## Exercise inputs
+++

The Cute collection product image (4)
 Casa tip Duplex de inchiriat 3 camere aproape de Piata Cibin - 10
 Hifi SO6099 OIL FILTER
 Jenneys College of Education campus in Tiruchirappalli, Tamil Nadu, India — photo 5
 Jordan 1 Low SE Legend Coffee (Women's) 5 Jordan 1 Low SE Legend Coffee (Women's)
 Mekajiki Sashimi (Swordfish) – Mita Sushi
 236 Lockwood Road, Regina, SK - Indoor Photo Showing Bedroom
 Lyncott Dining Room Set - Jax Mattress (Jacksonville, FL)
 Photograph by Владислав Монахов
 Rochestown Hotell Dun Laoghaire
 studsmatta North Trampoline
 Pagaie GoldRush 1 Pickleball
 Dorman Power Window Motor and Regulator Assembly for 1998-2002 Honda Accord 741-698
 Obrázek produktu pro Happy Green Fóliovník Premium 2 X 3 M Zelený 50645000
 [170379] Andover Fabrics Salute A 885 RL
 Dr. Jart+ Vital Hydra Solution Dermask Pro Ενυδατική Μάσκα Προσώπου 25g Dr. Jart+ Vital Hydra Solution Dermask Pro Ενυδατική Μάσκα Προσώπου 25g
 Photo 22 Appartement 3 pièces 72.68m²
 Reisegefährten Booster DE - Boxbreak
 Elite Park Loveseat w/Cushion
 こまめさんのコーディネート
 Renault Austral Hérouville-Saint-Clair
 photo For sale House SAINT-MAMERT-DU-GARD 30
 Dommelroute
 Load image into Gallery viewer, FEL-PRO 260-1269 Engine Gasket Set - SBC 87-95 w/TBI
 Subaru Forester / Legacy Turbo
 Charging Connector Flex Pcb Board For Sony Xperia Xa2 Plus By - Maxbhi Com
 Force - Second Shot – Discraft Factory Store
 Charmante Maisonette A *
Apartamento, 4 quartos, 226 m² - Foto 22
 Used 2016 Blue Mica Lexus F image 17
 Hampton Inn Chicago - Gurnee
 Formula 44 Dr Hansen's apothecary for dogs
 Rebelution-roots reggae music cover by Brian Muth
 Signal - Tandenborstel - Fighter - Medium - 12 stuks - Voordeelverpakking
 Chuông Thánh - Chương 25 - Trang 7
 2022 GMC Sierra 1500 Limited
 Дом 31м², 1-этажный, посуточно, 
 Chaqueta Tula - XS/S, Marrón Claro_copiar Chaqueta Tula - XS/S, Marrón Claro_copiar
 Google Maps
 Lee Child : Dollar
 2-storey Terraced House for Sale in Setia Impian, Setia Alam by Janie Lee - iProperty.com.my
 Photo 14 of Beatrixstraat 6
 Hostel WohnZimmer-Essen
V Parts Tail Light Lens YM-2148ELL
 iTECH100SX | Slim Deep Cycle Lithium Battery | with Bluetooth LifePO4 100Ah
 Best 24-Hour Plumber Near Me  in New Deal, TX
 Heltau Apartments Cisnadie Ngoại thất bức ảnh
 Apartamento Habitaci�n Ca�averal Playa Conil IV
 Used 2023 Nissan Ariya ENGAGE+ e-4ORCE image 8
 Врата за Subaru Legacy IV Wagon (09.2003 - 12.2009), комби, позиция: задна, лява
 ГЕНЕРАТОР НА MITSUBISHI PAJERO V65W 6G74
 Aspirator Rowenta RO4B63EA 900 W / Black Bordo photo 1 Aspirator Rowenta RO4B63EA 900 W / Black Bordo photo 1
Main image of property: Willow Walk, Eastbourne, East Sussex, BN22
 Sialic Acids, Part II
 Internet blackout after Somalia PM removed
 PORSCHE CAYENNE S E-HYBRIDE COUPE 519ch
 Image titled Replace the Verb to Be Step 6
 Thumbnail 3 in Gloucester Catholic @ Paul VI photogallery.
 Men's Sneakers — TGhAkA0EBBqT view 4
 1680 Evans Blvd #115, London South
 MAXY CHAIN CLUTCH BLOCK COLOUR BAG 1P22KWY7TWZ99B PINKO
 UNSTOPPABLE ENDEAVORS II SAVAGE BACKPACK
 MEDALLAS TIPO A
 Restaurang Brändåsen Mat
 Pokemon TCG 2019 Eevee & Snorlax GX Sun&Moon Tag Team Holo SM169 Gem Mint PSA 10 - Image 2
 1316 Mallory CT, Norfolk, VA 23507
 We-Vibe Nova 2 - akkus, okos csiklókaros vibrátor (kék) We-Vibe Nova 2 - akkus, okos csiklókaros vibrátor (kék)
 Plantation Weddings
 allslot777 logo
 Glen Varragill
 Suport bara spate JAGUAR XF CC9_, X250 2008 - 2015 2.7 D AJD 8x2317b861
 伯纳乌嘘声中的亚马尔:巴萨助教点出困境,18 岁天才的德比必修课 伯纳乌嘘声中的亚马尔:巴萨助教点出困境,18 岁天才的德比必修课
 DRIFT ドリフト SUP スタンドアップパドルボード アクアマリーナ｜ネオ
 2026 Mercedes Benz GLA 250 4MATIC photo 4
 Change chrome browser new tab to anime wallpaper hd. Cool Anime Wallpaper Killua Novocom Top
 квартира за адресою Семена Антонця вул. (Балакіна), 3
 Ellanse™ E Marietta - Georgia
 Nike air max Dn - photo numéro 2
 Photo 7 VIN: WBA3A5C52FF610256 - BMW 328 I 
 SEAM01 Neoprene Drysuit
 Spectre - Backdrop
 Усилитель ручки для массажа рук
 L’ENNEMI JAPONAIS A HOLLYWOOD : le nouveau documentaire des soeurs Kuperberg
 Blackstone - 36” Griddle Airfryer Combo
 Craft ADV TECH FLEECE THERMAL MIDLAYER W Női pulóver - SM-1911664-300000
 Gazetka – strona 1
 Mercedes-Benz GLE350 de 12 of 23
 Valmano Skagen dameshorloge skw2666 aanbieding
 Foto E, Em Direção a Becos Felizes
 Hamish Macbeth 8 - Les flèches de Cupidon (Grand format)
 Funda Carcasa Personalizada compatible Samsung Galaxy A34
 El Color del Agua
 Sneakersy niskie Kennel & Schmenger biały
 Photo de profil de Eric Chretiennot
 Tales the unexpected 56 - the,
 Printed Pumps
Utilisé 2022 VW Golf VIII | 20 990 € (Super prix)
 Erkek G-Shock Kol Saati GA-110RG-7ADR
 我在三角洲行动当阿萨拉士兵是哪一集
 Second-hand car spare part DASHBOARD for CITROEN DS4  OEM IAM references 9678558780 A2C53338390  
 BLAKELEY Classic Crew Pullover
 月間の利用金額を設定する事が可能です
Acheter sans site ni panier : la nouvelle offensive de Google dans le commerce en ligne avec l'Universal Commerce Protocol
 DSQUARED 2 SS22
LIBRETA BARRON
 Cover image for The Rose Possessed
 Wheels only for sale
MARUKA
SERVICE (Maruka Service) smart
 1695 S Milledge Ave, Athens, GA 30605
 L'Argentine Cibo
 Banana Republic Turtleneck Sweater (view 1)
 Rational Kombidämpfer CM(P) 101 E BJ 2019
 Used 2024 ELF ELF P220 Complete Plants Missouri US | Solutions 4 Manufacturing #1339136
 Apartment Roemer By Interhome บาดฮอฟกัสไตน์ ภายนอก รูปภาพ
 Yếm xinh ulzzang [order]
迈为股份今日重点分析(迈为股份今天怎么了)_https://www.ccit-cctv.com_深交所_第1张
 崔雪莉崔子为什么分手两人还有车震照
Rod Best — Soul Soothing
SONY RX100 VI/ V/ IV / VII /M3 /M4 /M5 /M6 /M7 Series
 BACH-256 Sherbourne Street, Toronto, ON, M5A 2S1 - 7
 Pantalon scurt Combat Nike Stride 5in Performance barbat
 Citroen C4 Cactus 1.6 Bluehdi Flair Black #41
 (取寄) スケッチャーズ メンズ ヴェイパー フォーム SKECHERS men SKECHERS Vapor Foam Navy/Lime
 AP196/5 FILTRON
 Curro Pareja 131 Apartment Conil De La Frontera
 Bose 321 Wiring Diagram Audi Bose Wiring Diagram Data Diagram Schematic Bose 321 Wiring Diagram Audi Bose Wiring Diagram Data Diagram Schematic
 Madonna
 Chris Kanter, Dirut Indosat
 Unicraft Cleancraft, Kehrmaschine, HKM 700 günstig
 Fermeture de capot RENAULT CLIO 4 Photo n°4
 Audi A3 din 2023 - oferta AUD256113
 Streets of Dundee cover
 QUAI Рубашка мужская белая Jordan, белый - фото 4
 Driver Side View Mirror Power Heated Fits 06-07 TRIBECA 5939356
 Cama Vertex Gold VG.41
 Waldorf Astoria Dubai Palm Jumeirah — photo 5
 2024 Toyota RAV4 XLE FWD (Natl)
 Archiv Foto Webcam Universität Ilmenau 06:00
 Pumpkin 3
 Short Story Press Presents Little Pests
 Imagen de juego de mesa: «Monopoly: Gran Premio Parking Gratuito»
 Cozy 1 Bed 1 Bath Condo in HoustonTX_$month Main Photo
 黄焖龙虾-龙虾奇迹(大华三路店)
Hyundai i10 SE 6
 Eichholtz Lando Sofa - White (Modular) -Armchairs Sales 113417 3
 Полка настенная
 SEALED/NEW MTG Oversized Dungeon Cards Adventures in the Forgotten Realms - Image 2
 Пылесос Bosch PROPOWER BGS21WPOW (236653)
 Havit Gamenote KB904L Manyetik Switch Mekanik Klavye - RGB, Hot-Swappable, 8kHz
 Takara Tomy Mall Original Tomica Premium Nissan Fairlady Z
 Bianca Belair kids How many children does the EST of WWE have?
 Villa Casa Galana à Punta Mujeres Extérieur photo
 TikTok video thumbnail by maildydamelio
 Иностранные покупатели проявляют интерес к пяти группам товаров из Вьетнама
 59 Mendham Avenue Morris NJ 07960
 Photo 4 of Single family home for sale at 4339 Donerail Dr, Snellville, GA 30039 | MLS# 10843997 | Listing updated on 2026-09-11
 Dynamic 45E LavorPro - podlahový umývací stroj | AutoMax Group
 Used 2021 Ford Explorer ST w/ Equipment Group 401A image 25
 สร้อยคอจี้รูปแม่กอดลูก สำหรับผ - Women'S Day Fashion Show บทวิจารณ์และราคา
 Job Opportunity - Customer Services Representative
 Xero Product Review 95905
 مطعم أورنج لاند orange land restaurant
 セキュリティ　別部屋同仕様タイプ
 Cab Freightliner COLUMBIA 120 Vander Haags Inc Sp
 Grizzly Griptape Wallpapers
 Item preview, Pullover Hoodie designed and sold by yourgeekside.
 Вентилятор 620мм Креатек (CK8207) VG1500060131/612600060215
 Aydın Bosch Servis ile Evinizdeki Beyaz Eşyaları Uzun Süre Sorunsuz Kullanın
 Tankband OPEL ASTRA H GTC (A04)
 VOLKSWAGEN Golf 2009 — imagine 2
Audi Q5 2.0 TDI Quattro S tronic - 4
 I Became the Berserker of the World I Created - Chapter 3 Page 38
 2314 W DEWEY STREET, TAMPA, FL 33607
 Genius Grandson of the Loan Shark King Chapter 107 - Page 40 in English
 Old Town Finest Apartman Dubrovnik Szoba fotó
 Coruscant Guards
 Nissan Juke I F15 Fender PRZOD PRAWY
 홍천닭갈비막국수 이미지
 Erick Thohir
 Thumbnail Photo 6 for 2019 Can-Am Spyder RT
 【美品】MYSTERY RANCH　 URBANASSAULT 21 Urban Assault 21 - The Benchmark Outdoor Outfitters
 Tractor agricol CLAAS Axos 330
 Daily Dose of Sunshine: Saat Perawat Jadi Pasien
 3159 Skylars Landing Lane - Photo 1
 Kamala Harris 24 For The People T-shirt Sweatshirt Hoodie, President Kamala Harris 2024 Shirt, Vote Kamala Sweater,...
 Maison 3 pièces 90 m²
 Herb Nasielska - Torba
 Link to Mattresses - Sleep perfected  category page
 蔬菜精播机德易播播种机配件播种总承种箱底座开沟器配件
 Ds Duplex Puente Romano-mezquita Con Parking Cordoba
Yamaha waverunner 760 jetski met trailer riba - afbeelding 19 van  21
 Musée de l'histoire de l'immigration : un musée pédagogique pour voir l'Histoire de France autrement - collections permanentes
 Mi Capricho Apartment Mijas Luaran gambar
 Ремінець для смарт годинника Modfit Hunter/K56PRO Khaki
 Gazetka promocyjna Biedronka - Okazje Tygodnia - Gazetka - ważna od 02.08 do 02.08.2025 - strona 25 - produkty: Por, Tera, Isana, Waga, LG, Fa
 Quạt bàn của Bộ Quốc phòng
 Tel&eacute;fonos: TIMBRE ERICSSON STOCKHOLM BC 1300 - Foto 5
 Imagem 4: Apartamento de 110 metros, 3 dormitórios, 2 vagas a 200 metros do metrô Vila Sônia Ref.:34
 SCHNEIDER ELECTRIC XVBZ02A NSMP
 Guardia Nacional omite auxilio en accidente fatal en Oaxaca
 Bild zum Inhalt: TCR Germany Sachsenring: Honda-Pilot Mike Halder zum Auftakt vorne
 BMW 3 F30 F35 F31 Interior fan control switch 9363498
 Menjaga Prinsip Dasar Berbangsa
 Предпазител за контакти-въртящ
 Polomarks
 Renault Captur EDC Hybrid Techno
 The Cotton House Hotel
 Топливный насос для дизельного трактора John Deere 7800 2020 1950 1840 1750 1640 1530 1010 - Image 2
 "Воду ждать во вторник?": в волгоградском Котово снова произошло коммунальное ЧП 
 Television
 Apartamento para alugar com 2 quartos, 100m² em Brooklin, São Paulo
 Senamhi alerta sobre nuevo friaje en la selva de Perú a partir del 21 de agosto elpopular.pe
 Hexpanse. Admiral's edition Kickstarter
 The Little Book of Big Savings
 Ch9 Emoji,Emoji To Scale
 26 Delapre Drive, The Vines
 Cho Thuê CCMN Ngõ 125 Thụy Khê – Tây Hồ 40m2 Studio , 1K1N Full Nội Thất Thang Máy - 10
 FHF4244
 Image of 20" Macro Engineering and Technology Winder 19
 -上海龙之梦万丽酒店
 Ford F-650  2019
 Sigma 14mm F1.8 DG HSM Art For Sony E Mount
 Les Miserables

+++

## Action item
Up to and including the line with "Lyncott Dining Room", repeat the entries exactly, beginning at their first line.

## Solution to this task
The Cute collection product image (4)
 Casa tip Duplex de inchiriat 3 camere aproape de Piata Cibin - 10
 Hifi SO6099 OIL FILTER
 Jenneys College of Education campus in Tiruchirappalli, Tamil Nadu, India — photo 5
 Jordan 1 Low SE Legend Coffee (Women's) 5 Jordan 1 Low SE Legend Coffee (Women's)
 Mekajiki Sashimi (Swordfish) – Mita Sushi
 236 Lockwood Road, Regina, SK - Indoor Photo Showing Bedroom
 Lyncott Dining Room Set - Jax Mattress (Jacksonville, FL)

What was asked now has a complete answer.